The downside to that is that if it’s an obvious disability they won’t know or potentially even think that adaptation can be made and out of ignorance may simply not give someone a job on the basis they don’t see how it can be done.
Bear in mind that the pannel won’t be told your disability status, just that you have applied under the disability confident scheme. If your disability is an invisible one, they will not have any idea what it is.
In my case it becomes somewhat obvious when I walk into an interview with either a cane or a guide dog
but that aside, I always bring the subject of my disability up myself and talk about the adaptations that will be needed/are available. For the interview last October I took along a laptop with a screenreader installed and a braille display. They were happy not to need to see them but were also keen to listen to what I had to say, and as I said, I was offered the job.
Some companies will discriminate, but I think it’s also important not to just assume you are being discriminated against if you don’t get the job. It’s equally possible that you just weren’t the best candidate for that particular job. Unless the discrimination happens openly, I would just put it down to interview experience.

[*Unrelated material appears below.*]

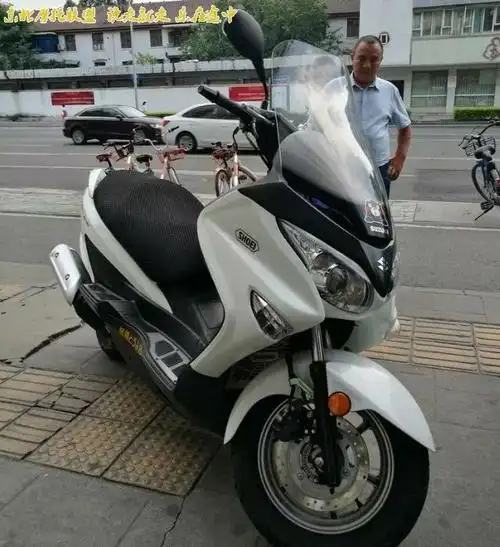 [铃木suzuki] 铃木burgman汉堡人200的使用感受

I have not been offered jobs just because there were better candidates, I have also been openly discriminated against (interview offer withdrawn because of my VI). In the former cases I just move on and put it down to one of those things. There is nothing positive to be gained by telling yourself it was discrimination.
In the latter cases I genuinely believe that if they can be that discriminatory at interview they are very likely not the kind of company I would want to stay working for anyway.